Ein kurzfristiger Anreiz könne auch sein, die Energiesteuern von Diesel und Benzin anzugleichen, so Krautzberger. Seit Jahren sei Diesel mit 18,4 Cent pro Liter subventioniert. "Auch das hat dazu beigetragen, dass große und schwere Autos zunehmend mit Dieselmotoren ausgestattet werden - der Effizienzvorteil des Diesels besteht damit nur noch auf dem Papier. Vom Diesel als Klimaschützer kann daher auch keine Rede mehr sein."
Rückenwind aus der Politik
Der Verkehrsbereich sei das klimapolitische Sorgenkind, was auch an den vielen SUVs und Geländewagen auf den Straßen liege, sagte der Grünen-Verkehrspolitiker Stephan Kühn. "Über einen SUV-Boom darf man sich nicht wundern, wenn die Autoindustrie ein Modell nach dem anderen in die Verkaufsräume bringt", sagte der Grünen-Verkehrspolitiker Stephan Kühn. "Autohersteller, die ihr Portfolio auf solche Klimakiller ausrichten, torpedieren den Klimaschutz."

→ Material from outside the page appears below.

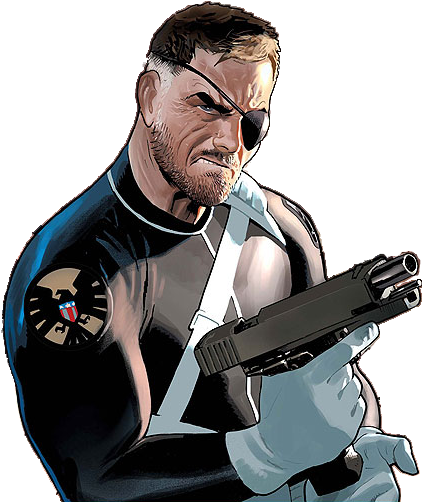 No Caption Provided No Caption Provided - Nick Fury Comic (507x507), Png Download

Er fordert daher, dass das Klimakabinett Spritschlucker stärker in die klimapolitische Verantwortung nehmen muss und befürwortet ein Bonus-Malus-System in der Kfz-Steuer. "Mit einem CO2-Preis können Spritsparer entlastet werden, weil sie über die Senkung der Stromsteuer und ein jährliches Energiegeld unter dem Strich ein Plus machen können. Wer aber weiter seinen PS-Boliden fahren möchte, würde künftig stärker an seinen Umweltkosten beteiligt", so Kühn.
Der stellvertretende Vorsitzende der SPD-Bundestagsfraktion, Matthias Miersch, will Neuwagenkäufer stärker zur Kasse bitten, wenn sie sich künftig für einen Diesel oder einen Benziner statt für ein Elektroauto entscheiden. "Wenn jemand das Geld hat, sich ein neues Auto zu kaufen, und unbedingt einen PS-starken Verbrenner will, obwohl umweltfreundlichere Elektroautos zur Verfügung stehen, dann muss er dafür einen Preis bezahlen", so Miersch. "Klimaschädliches Verhalten hat einen Preis, und warum sollten wir den als Gesellschaft nicht auch einfordern?"
Dudenhöffer: Kraftstoffe mit CO2-Abgaben belasten
Nach dem Branchenexperten Ferdinand Dudenhöffer von der Universität Duisburg-Essen haben neu zugelassene SUVs in den ersten sechs Monaten dieses Jahres im Durchschnitt 144,1 Gramm CO2 pro Kilometer ausgestoßen. Dies entspreche einem Durchschnittsverbrauch von 6,2 Litern Sprit auf 100 Kilometer. Zum Vergleich: Alle Pkw-Neuwagen zusammen seien auf einen durchschnittlichen CO2-Ausstoß von 133,4 Gramm pro Kilometer gekommen - bei einem Verbrauch von 5,6 Litern.
Dudenhöffer verwies aber auch darauf, dass zunehmend reine Elektro-SUV verkauft würden, wenn auch auf einem bisher niedrigen Niveau. Bisher sind viele SUV Plug-in-Hybride. Dies sind Autos mit Hybridantrieb, die sowohl über den Verbrennungsmotor als auch am Stromnetz geladen werden können. Notwendig sei ein "echter Umstieg" in batterie-getriebene Elektroautos oder Null-CO2-Autos. Daher sollten Kraftstoffe deutlich mit CO2-Abgaben belastet werden.